* [Your task]:
All of the data needs to be printed again, exactly as written.

Start of Block

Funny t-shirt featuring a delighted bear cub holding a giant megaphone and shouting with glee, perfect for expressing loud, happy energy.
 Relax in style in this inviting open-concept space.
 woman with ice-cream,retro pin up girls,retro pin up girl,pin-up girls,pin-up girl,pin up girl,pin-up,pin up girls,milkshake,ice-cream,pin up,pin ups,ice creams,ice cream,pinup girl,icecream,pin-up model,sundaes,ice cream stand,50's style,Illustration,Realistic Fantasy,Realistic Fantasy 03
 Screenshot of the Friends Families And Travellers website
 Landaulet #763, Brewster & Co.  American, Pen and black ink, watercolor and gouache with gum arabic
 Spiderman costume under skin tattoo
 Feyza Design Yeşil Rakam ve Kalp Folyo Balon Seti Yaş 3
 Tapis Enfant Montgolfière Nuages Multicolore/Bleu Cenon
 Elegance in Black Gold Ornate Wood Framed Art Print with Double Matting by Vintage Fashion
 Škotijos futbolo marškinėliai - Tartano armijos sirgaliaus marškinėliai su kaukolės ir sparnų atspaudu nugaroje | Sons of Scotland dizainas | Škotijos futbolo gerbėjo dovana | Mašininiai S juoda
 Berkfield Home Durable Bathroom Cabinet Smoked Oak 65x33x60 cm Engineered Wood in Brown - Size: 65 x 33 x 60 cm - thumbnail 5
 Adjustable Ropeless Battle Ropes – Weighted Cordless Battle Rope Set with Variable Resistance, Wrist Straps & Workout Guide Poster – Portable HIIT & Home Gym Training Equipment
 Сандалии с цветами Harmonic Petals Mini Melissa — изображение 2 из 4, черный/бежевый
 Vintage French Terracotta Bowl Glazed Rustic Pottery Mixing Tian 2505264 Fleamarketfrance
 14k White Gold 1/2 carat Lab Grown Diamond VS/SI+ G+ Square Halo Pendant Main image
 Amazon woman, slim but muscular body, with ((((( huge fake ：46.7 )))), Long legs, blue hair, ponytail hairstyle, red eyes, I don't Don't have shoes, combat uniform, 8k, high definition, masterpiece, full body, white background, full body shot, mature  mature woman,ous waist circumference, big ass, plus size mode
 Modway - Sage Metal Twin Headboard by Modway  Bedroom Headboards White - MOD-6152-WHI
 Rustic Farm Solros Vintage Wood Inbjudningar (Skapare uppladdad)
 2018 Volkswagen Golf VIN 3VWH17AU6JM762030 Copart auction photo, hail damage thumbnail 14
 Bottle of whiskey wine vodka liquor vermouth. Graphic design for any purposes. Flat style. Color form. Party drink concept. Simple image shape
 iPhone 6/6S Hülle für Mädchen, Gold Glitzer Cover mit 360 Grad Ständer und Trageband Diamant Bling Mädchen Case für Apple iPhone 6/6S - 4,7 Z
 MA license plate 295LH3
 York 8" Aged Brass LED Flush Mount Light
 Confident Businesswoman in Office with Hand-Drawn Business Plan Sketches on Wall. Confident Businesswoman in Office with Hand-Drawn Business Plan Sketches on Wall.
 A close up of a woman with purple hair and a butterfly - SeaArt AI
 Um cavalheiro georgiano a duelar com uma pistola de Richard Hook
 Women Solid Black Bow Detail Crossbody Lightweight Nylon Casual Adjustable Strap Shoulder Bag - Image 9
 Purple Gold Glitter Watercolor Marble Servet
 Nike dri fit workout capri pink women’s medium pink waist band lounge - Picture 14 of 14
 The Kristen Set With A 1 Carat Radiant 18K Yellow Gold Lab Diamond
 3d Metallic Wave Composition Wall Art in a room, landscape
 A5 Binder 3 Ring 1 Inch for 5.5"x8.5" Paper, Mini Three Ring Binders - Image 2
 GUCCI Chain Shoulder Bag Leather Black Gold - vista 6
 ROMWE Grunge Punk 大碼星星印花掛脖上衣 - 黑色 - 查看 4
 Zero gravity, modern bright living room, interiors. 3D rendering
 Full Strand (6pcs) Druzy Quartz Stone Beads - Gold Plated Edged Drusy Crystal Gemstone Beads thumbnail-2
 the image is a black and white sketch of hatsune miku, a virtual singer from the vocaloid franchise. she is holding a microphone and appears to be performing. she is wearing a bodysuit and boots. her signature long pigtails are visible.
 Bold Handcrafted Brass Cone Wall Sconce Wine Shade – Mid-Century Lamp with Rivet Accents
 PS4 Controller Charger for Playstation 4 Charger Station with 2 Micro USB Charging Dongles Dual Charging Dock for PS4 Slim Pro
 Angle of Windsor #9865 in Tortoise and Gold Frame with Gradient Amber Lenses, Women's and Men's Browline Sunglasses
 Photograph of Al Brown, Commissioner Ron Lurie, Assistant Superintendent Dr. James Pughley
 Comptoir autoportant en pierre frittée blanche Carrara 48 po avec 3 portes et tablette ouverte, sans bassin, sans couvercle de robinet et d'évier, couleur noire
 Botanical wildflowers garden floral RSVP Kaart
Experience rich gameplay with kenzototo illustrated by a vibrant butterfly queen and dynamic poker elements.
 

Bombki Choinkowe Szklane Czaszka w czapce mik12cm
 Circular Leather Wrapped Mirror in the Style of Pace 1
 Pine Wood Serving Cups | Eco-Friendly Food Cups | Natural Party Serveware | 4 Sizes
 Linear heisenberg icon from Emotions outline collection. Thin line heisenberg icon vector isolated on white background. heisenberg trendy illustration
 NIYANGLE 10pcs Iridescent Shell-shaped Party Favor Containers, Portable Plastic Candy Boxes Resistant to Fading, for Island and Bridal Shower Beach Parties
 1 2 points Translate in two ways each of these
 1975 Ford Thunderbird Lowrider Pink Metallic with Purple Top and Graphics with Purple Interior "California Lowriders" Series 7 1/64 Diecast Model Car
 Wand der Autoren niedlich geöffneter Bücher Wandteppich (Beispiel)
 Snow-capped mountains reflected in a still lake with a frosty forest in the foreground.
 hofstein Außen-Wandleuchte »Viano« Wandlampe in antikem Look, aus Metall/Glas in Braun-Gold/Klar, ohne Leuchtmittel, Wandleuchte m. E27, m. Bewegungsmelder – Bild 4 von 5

End of Block

* [Final answer]:
Funny t-shirt featuring a delighted bear cub holding a giant megaphone and shouting with glee, perfect for expressing loud, happy energy.
 Relax in style in this inviting open-concept space.
 woman with ice-cream,retro pin up girls,retro pin up girl,pin-up girls,pin-up girl,pin up girl,pin-up,pin up girls,milkshake,ice-cream,pin up,pin ups,ice creams,ice cream,pinup girl,icecream,pin-up model,sundaes,ice cream stand,50's style,Illustration,Realistic Fantasy,Realistic Fantasy 03
 Screenshot of the Friends Families And Travellers website
 Landaulet #763, Brewster & Co.  American, Pen and black ink, watercolor and gouache with gum arabic
 Spiderman costume under skin tattoo
 Feyza Design Yeşil Rakam ve Kalp Folyo Balon Seti Yaş 3
 Tapis Enfant Montgolfière Nuages Multicolore/Bleu Cenon
 Elegance in Black Gold Ornate Wood Framed Art Print with Double Matting by Vintage Fashion
 Škotijos futbolo marškinėliai - Tartano armijos sirgaliaus marškinėliai su kaukolės ir sparnų atspaudu nugaroje | Sons of Scotland dizainas | Škotijos futbolo gerbėjo dovana | Mašininiai S juoda
 Berkfield Home Durable Bathroom Cabinet Smoked Oak 65x33x60 cm Engineered Wood in Brown - Size: 65 x 33 x 60 cm - thumbnail 5
 Adjustable Ropeless Battle Ropes – Weighted Cordless Battle Rope Set with Variable Resistance, Wrist Straps & Workout Guide Poster – Portable HIIT & Home Gym Training Equipment
 Сандалии с цветами Harmonic Petals Mini Melissa — изображение 2 из 4, черный/бежевый
 Vintage French Terracotta Bowl Glazed Rustic Pottery Mixing Tian 2505264 Fleamarketfrance
 14k White Gold 1/2 carat Lab Grown Diamond VS/SI+ G+ Square Halo Pendant Main image
 Amazon woman, slim but muscular body, with ((((( huge fake ：46.7 )))), Long legs, blue hair, ponytail hairstyle, red eyes, I don't Don't have shoes, combat uniform, 8k, high definition, masterpiece, full body, white background, full body shot, mature  mature woman,ous waist circumference, big ass, plus size mode
 Modway - Sage Metal Twin Headboard by Modway  Bedroom Headboards White - MOD-6152-WHI
 Rustic Farm Solros Vintage Wood Inbjudningar (Skapare uppladdad)
 2018 Volkswagen Golf VIN 3VWH17AU6JM762030 Copart auction photo, hail damage thumbnail 14
 Bottle of whiskey wine vodka liquor vermouth. Graphic design for any purposes. Flat style. Color form. Party drink concept. Simple image shape
 iPhone 6/6S Hülle für Mädchen, Gold Glitzer Cover mit 360 Grad Ständer und Trageband Diamant Bling Mädchen Case für Apple iPhone 6/6S - 4,7 Z
 MA license plate 295LH3
 York 8" Aged Brass LED Flush Mount Light
 Confident Businesswoman in Office with Hand-Drawn Business Plan Sketches on Wall. Confident Businesswoman in Office with Hand-Drawn Business Plan Sketches on Wall.
 A close up of a woman with purple hair and a butterfly - SeaArt AI
 Um cavalheiro georgiano a duelar com uma pistola de Richard Hook
 Women Solid Black Bow Detail Crossbody Lightweight Nylon Casual Adjustable Strap Shoulder Bag - Image 9
 Purple Gold Glitter Watercolor Marble Servet
 Nike dri fit workout capri pink women’s medium pink waist band lounge - Picture 14 of 14
 The Kristen Set With A 1 Carat Radiant 18K Yellow Gold Lab Diamond
 3d Metallic Wave Composition Wall Art in a room, landscape
 A5 Binder 3 Ring 1 Inch for 5.5"x8.5" Paper, Mini Three Ring Binders - Image 2
 GUCCI Chain Shoulder Bag Leather Black Gold - vista 6
 ROMWE Grunge Punk 大碼星星印花掛脖上衣 - 黑色 - 查看 4
 Zero gravity, modern bright living room, interiors. 3D rendering
 Full Strand (6pcs) Druzy Quartz Stone Beads - Gold Plated Edged Drusy Crystal Gemstone Beads thumbnail-2
 the image is a black and white sketch of hatsune miku, a virtual singer from the vocaloid franchise. she is holding a microphone and appears to be performing. she is wearing a bodysuit and boots. her signature long pigtails are visible.
 Bold Handcrafted Brass Cone Wall Sconce Wine Shade – Mid-Century Lamp with Rivet Accents
 PS4 Controller Charger for Playstation 4 Charger Station with 2 Micro USB Charging Dongles Dual Charging Dock for PS4 Slim Pro
 Angle of Windsor #9865 in Tortoise and Gold Frame with Gradient Amber Lenses, Women's and Men's Browline Sunglasses
 Photograph of Al Brown, Commissioner Ron Lurie, Assistant Superintendent Dr. James Pughley
 Comptoir autoportant en pierre frittée blanche Carrara 48 po avec 3 portes et tablette ouverte, sans bassin, sans couvercle de robinet et d'évier, couleur noire
 Botanical wildflowers garden floral RSVP Kaart
Experience rich gameplay with kenzototo illustrated by a vibrant butterfly queen and dynamic poker elements.
 

Bombki Choinkowe Szklane Czaszka w czapce mik12cm
 Circular Leather Wrapped Mirror in the Style of Pace 1
 Pine Wood Serving Cups | Eco-Friendly Food Cups | Natural Party Serveware | 4 Sizes
 Linear heisenberg icon from Emotions outline collection. Thin line heisenberg icon vector isolated on white background. heisenberg trendy illustration
 NIYANGLE 10pcs Iridescent Shell-shaped Party Favor Containers, Portable Plastic Candy Boxes Resistant to Fading, for Island and Bridal Shower Beach Parties
 1 2 points Translate in two ways each of these
 1975 Ford Thunderbird Lowrider Pink Metallic with Purple Top and Graphics with Purple Interior "California Lowriders" Series 7 1/64 Diecast Model Car
 Wand der Autoren niedlich geöffneter Bücher Wandteppich (Beispiel)
 Snow-capped mountains reflected in a still lake with a frosty forest in the foreground.
 hofstein Außen-Wandleuchte »Viano« Wandlampe in antikem Look, aus Metall/Glas in Braun-Gold/Klar, ohne Leuchtmittel, Wandleuchte m. E27, m. Bewegungsmelder – Bild 4 von 5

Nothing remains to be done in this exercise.